Federal jury deliberates over BART workers fired due to COVID vaccine mandate

J.R. Stone Image
Wednesday, October 23, 2024
Jury deliberates over BART workers fired due to COVID vaccine mandate
A federal jury will decide if BART has to pay former employees who claimed religious exemptions to a COVID-19 vaccine mandate and subsequently lost their jobs.

SAN FRANCISCO (KGO) -- It was a COVID-19 vaccine mandate that sparked outrage among hundreds of BART workers.

Now, a federal jury will decide if BART has to pay up to six former employees who claimed religious exemptions but say they were not accommodated by the transit agency, and subsequently lost their job.

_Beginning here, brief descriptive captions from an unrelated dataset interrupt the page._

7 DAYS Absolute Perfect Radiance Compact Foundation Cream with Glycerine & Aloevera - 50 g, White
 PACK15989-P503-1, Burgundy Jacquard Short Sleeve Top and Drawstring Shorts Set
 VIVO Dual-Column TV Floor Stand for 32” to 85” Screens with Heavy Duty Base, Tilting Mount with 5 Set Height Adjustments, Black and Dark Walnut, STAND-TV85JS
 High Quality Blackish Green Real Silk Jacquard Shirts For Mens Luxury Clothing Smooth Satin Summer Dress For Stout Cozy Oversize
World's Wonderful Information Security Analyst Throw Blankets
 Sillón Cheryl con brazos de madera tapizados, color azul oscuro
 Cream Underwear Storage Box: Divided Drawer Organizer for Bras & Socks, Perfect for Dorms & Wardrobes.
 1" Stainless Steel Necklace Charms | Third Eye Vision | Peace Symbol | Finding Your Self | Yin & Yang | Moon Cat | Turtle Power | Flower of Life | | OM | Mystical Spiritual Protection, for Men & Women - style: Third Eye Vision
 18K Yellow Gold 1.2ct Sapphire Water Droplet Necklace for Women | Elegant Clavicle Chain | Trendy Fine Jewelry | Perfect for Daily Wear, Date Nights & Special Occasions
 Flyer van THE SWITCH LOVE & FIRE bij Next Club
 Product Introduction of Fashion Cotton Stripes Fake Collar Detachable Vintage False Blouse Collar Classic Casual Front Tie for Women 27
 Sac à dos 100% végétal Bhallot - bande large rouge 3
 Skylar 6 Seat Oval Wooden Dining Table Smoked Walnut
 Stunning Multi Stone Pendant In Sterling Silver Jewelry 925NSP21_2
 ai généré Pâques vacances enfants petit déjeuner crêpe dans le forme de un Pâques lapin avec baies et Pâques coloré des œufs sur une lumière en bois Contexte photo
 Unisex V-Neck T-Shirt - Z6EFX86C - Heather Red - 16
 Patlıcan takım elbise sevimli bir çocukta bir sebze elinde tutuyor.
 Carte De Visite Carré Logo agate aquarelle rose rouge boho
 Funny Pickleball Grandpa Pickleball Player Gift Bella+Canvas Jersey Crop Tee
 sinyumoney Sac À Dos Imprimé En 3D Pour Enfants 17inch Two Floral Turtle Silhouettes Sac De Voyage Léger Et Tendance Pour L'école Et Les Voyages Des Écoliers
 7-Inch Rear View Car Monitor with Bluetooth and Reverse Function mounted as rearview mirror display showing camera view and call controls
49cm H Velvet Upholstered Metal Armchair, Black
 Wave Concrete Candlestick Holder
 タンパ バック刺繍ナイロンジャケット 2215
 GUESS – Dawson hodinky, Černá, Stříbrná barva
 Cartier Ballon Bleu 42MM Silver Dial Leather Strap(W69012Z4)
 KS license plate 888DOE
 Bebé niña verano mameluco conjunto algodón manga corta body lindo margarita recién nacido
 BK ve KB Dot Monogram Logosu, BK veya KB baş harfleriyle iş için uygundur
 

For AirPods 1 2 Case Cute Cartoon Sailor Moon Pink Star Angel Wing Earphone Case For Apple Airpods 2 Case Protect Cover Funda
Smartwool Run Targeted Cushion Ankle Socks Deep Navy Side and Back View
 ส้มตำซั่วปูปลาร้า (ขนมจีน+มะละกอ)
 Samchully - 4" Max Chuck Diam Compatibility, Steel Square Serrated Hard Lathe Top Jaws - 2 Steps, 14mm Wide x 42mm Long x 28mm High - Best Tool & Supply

UPDATE: BART workers fired due to COVID vaccine mandate to get over $1M each, federal jury decides

In 2021 BART workers reached out to ABC7 News Reporter J.R. Stone about the COVID-19 vaccine mandate that went into effect. Hundreds of employees felt like their vaccine exemption requests weren't taken seriously by BART. Those that Stone talked with in 2021 have been involved in settlements, and now some other workers are seeing their case before a jury.

"I'm not giving in and there's a number of us that have the same opinion. We're not giving in, we're holding ground, holding firm on what our beliefs are," Albert Roth said in 2021.

"I've been homeless before and this is what I told the BART board, ya know. I'm not afraid to be homeless again, it is what it is, but now they're tapping into people's rights and I'm not going to stand for that, not on my watch," Rhiannon Doyle said in 2021.

VIDEO: Unvaccinated BART employees react after mandate exemptions denied

On the eve of Thanksgiving, many unvaccinated BART employees learned their requests for a religious exemption to the COVID vaccine mandate was denied.

BART did initially grant vaccine exemptions, but plaintiffs argue, they weren't accommodated. What does that mean? An accommodation could have meant that they were able to work from home or get Covid tested regularly. They argue none of that happened and they lost their job.

There are two phases to this federal trial and the first finished up this past Friday.

The verdict form given to jurors asked, "Has BART proven that the plaintiff could not be reasonably accommodated without undue hardship?"

MORE: COVID vaccine refusal 10th highest reason for job cuts in 2021, report says

The jury came back unanimously saying that "NO not proven by BART." In all six cases they sided with the former employees.

Now the jury will decide if each of the six individuals did in fact have a religious conflict with the vaccine mandate.

Some that ABC7 News spoke with believe that this BART case is similar to a COVID-19 vaccine mandate case in Tennessee. In that trial the jury awarded more than $600,000 to the plaintiff who did not get the vaccine despite a mandate to do so.

BART is a transit agency that is already between $350 and $400 million in the red, but BART's board of directors did vote eight to one for the vaccine mandate in 2021. The jury is now deliberating and could come back Wednesday with a verdict.